BRIEF SUMMARY OF THE INVENTION
[0008] The invention is a grid framework having at least one
conductive support grid member in which its conductivity is
uncontrolled. A conductive material having controllable
conductivity is disposed thereon. A non-conductive insulative layer
is applied to a top portion of the conductive support grid member
such that the non-conductive insulative layer interposes the top
portion of the support member and the conductive material. The grid
framework further includes an insulative cap made of non-conductive
material which straddles the non-conductive insulative layer and
overlies the conductive material such that the cap and the
non-conductive insulative layer sandwich the first and second
conductors. The grid framework system further includes a plurality
of cables and a selectively locatable management device for said
cables. The grid framework system further includes a component
retention device having a first portion attached to the first of
the intersecting support members and a second portion attached to
the second of the intersecting support members, wherein each of the
first and second portions straddle the intersecting support grid
members.
[0009] Further areas of applicability of the present invention will
become apparent from the detailed description provided hereinafter.
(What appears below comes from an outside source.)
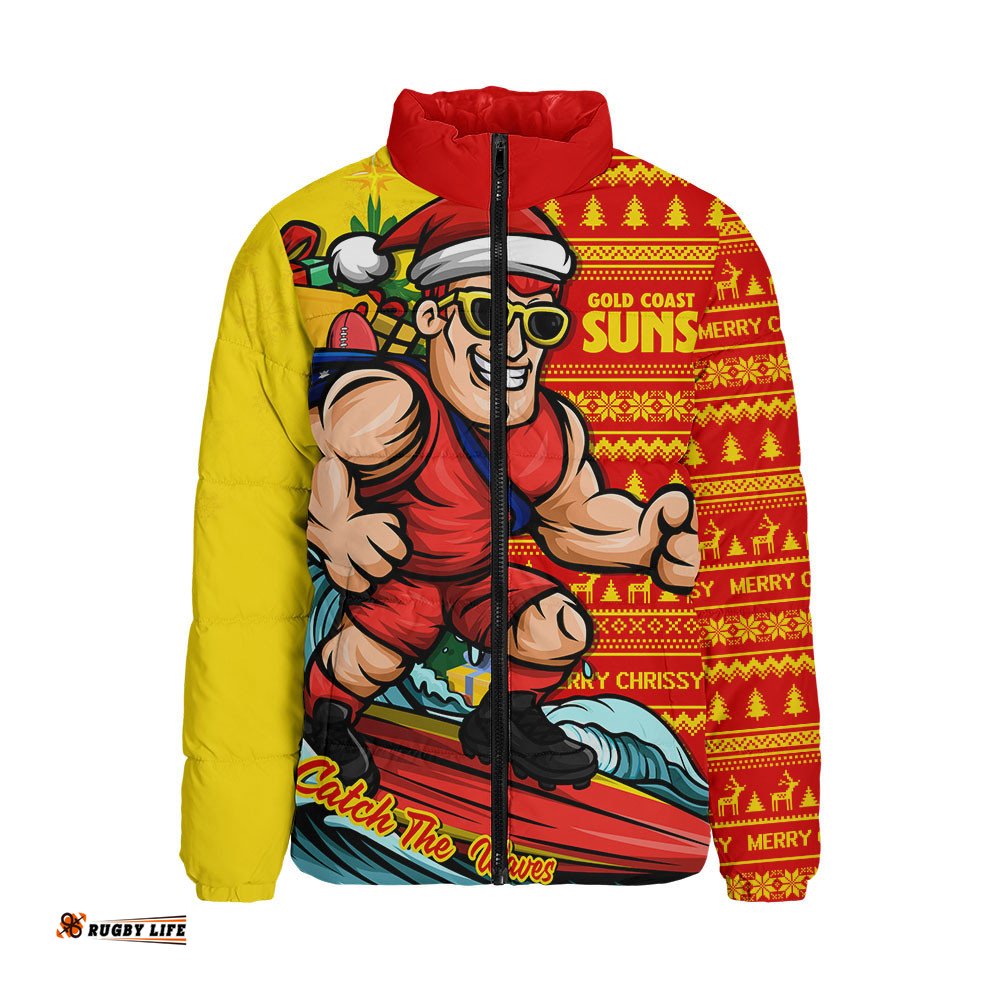 Gold Coast SUNS Padded Jacket Christmas Holiday Santa Rides The Waves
It should be understood that the detailed description and specific
examples, while indicating some embodiments of the invention, are
intended for purposes of illustration only and are not intended to
limit the scope of the invention.
BRIEF DESCRIPTION OF THE DRAWINGS
[0010] The features of the exemplified embodiments will be
described with reference to the following drawings in which like
elements are labeled similarly. The present invention will become
more fully understood from the detailed description and the
accompanying drawings, wherein:
[0011] FIG. 1 is a perspective view of a room space having a grid
framework system according to an embodiment of the present
invention.
[0012] FIG. 2 is a perspective view of a support member of the grid
framework system having an example non-conductive insulative member
attached thereto.
[0013] FIG. 3 is a perspective view showing an insulative cap
attached to the support member and insulative member of FIG. 2.
[0014] FIG. 4 is a front elevation view of FIG. 3.
[0015] FIG. 5 is a perspective view of an example management device
for cables and wires.
[0016] FIG. 6 is a top view of FIG. 5.
[0017] FIG. 7 is a front view of FIG. 5.
[0018] FIG. 8 is a side view of FIG. 5.
[0019] FIG. 9 is a perspective view of two example management
devices of FIGS. 5-8 attached to the support member shown in FIG.
2.
[0020] FIG. 10 is close-up perspective view of a portion of FIG.
9.
[0021] FIG. 11 is a perspective view illustrating several
alternative example management devices.
[0022] FIGS. 12 and 13 are front views of the example management
device of FIGS. 5-9 illustrating an optional clasp.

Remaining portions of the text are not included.